So far this is what I can do:
Using Fermat's Little Theorem I know that $3^{16}\equiv 1 \pmod {17} $
Also: $3^{2012} = (3^{16})^{125}*3^{12} \pmod{17}$
So I am left with $3^{12}\pmod{17}$.
Again I'm going to use fermat's theorem so: $ 3^{12} = \frac{3^{16}}{3^{4}} \pmod{17}$
Here I am stuck because I get $3^{-4} \pmod{17}$ and I don't know how to calculate this because I don't know what $\frac{1}{81} \pmod{17}$ is.
I know $81 = 13 \pmod{17}$
But I know the answer is 4. What did I do wrong?
On
Indeed, we have $$3^{12}=31261\cdot17+4.$$
Also, $$3^{12}=81^3\equiv(-4)^3\equiv(-4)(-1)=4.$$
Also, we have $$3^{12}-4=(3^6-2)(3^6+2)=727\cdot731=727\cdot43\cdot17.$$
On
Just do it.
$3^4 = 81 \equiv -4$.
$3^{12} \equiv (3^4)^3 = (-4)^3 \equiv -81 \equiv 4 \mod 17$.
For insight:
You know $3^{16}\equiv 1 \mod 17$ so $3^{8}\equiv \pm 4$ so $3^4 \equiv \pm 1, \pm \sqrt{-1}$. So $-1 \equiv 16$ one of the $\sqrt {-1} \equiv 4\mod 17$. (the other is $13$). This should tell you to try to find $3^{12}$ via iterations $3^4$.
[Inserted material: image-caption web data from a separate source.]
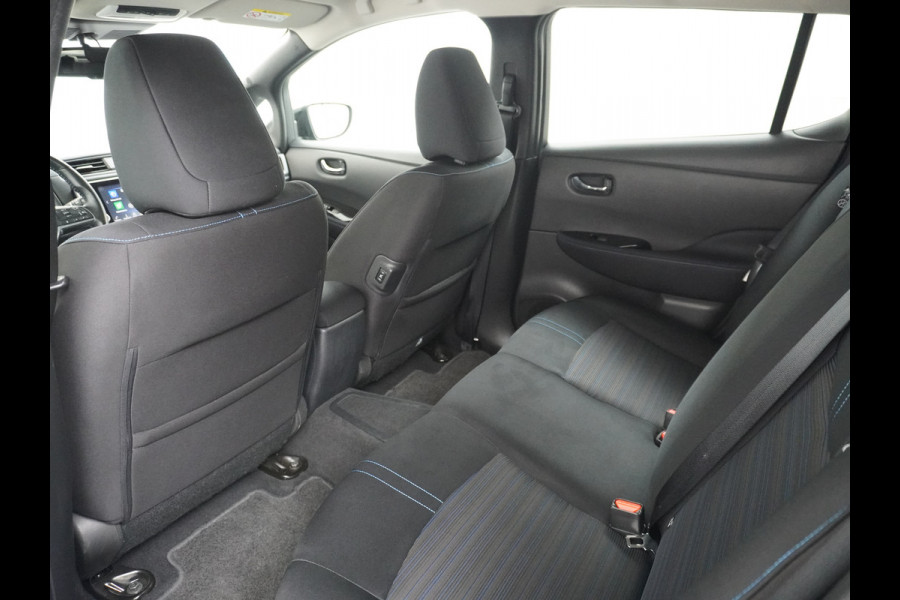Nissan Leaf N-Connecta 40kWh Apple Carplay Android Auto Trekhaak Cruise control adaptief 360°Camera Navi Ecc Stoel+Stuurverwarming Keyless D Dodehoek detector Rijstrooksensor met correctie Uitparkeer waarschuwing Verkeersbord detectie Bluetooth Privacy Glas Lmv 17" 1e Eigenaar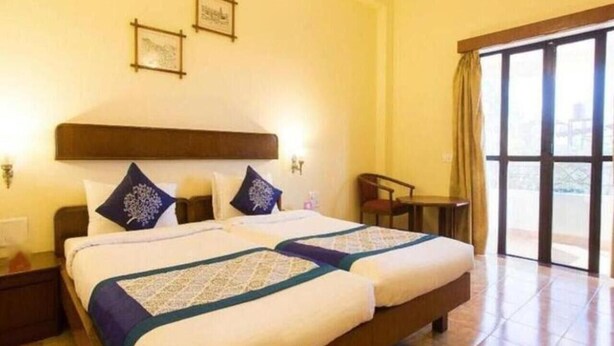 Room - Dhanhills Hotel (Mahabaleshwar)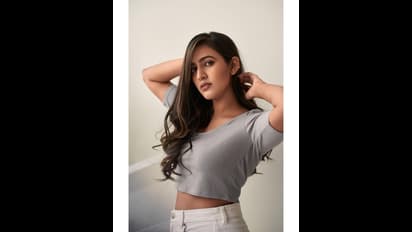 ఓ నిహారిక, గుండెలు అదిరెనికా... హాట్ ఫోజులు, కిల్లింగ్స్ సూపర్ స్టైలిష్ గా!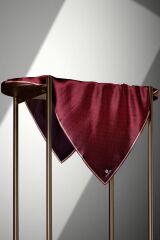 %100 Twill İpek Monogram Desenli Bordo Renkli 90x90 Eşarp Dikim Şekli : El Dikişi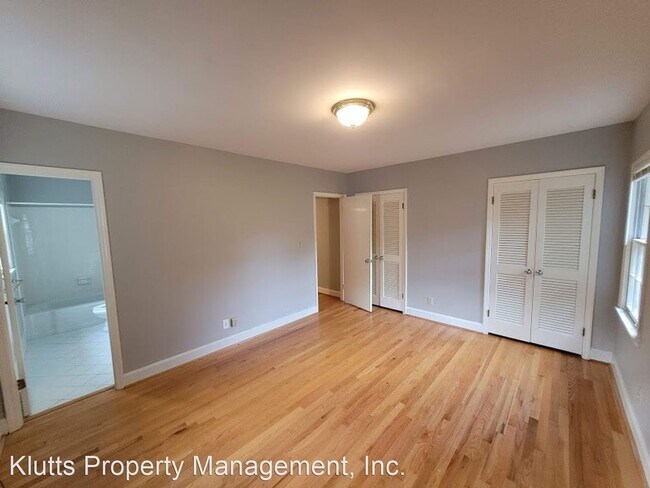 Building Photo - 3 br, 2.5 bath House - 7009 Yorktowne Drive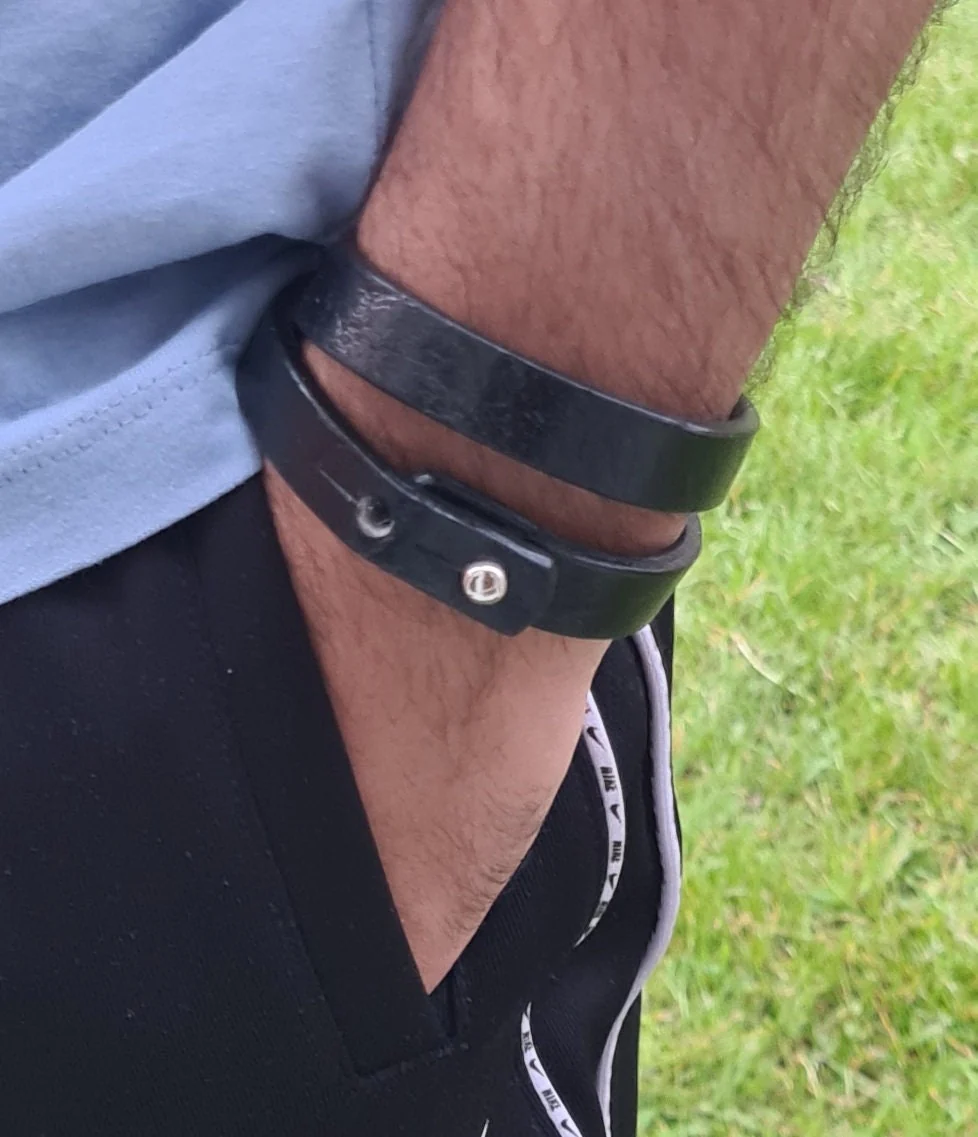 City of London Leather adjustable Double String Wristband - Image 3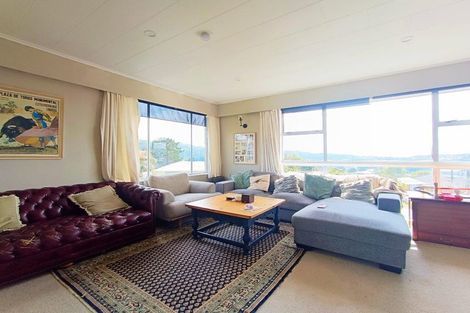 Photo of property in 33 Ernest Street, Ranui, Porirua, 5024
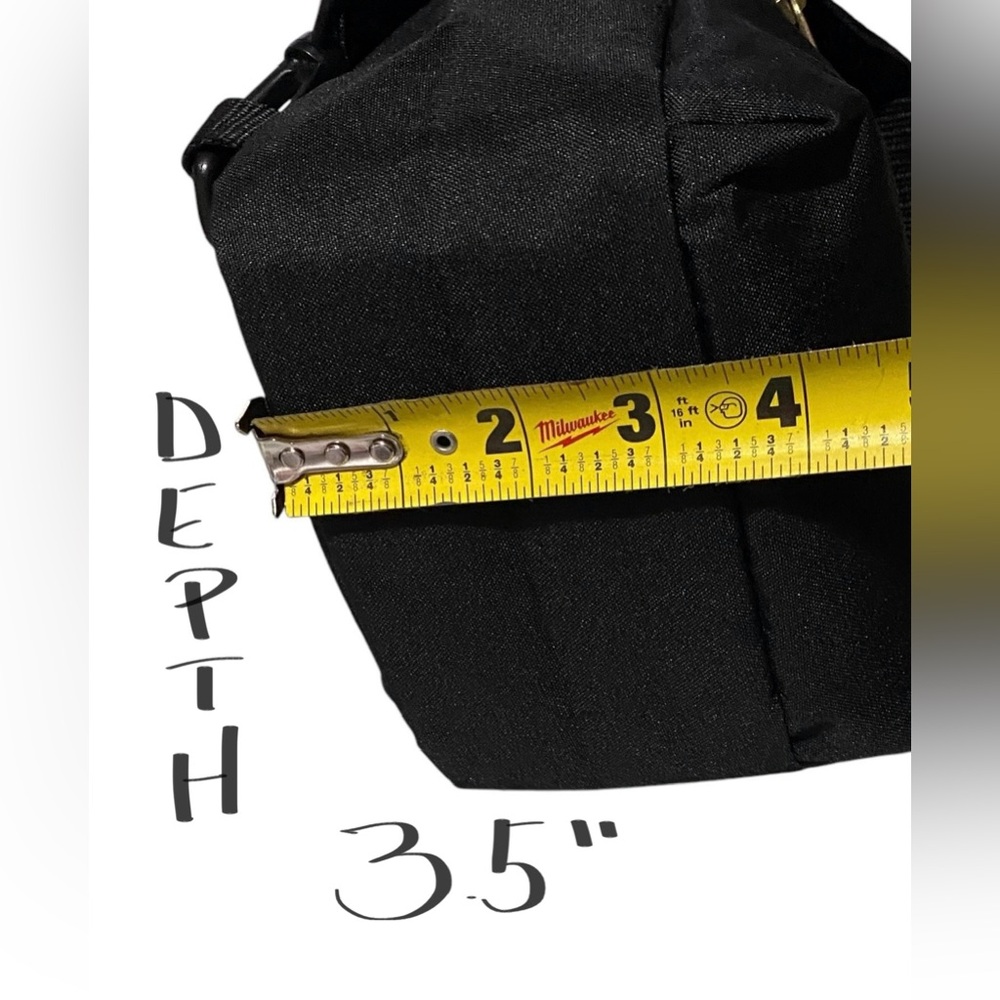 PUMA ~ Unisex Adult Sling Bag
Black & Gold
11” x 6” x 3.5” - Picture 10 of 11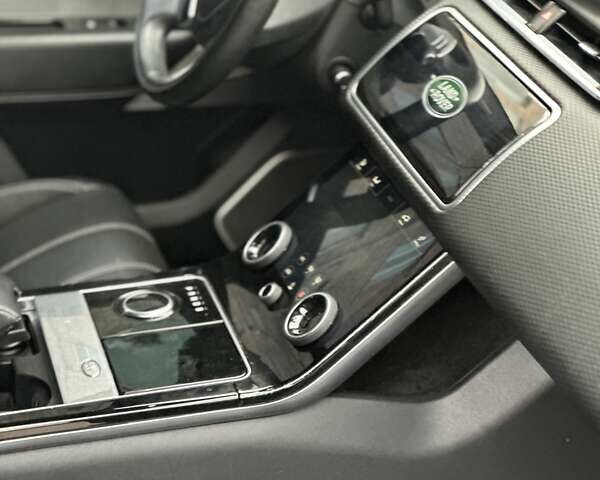 Серый Ленд Ровер Рендж Ровер Велар, объемом двигателя 2 л и пробегом 133 тыс. км за 31000 $, фото 5 на Automoto.ua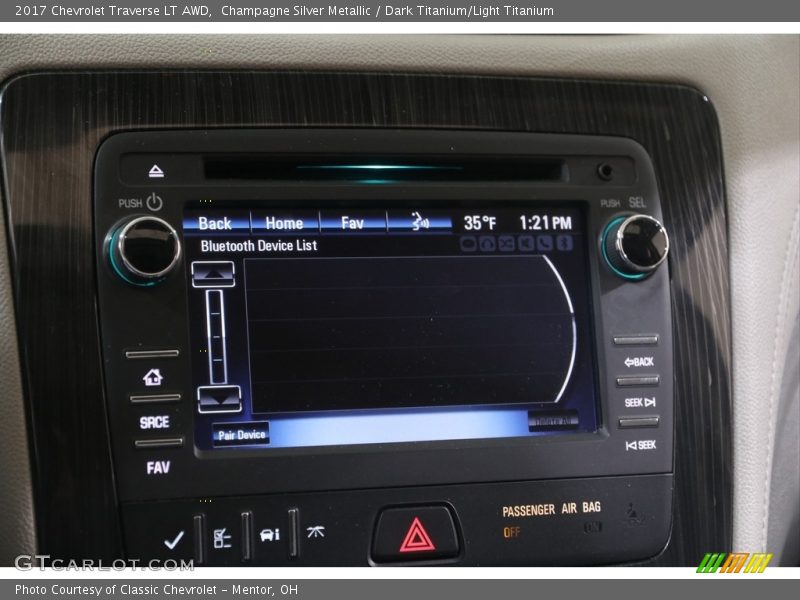 Champagne Silver Metallic / Dark Titanium/Light Titanium 2017 Chevrolet Traverse LT AWD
Also: $81 \equiv 13 \equiv - 4 \mod 17$. So $\frac 1{81} \equiv -\frac 14$. And figuring $\frac 14$ shouldn't be hard $1 \equiv 18$ so $\frac 12 \equiv 9 \mod 17$ and $9 \equiv 26$ so $\frac 14 \equiv 13\equiv -4$. So $-\frac 14 = 4$. And that makes sense. $(-4)*4 = -16 \equiv 1 \mod 17$.
On
In addition to the clever answers, straightforward repeated squaring can be used. $$ 3^{12}=3^8 \cdot 3^4 $$ and $$ 3^2=9 \equiv 9 \mod 17 $$ so $$ 3^4 \equiv 9^2 \equiv 13 \mod 17 $$ and $$ 3^8 \equiv 13^2 \equiv 16 \mod 17 $$ so finally $$ 3^{12}=3^8 \cdot 3^4 \equiv 16 \cdot 13 \equiv 4 \mod 17 $$
The final line could be simplified further if desired $$ 16 \cdot 13 = 4 \cdot 52 \equiv 4 \cdot 1 \mod 17 $$
$3^{12}=(3^3)^4=10^4$ (mod $17$), so we have to find $10000$ (mod $17$), which is evidently $4$ (mod $17$).